(Available data):

%%

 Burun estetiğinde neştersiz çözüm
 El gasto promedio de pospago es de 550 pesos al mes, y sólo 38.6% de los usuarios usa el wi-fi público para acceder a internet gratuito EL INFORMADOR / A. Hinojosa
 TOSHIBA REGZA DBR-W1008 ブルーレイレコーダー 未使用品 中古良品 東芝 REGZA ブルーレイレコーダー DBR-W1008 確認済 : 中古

%%
%%

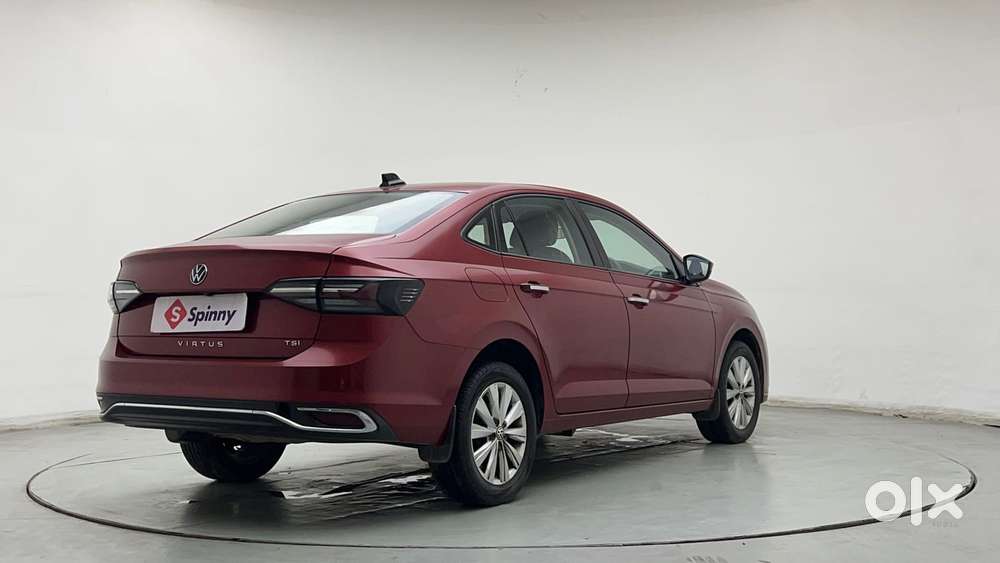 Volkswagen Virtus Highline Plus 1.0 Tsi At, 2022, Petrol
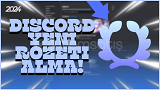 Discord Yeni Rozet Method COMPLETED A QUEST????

%%

(Exercise instructions):
Since only part of the listing is wanted, copy exactly the lines from the one holding "El gasto promedio" to the one holding "TOSHIBA REGZA DBR-W1008", both included.

(Task solution):
 El gasto promedio de pospago es de 550 pesos al mes, y sólo 38.6% de los usuarios usa el wi-fi público para acceder a internet gratuito EL INFORMADOR / A. Hinojosa
 TOSHIBA REGZA DBR-W1008 ブルーレイレコーダー 未使用品 中古良品 東芝 REGZA ブルーレイレコーダー DBR-W1008 確認済 : 中古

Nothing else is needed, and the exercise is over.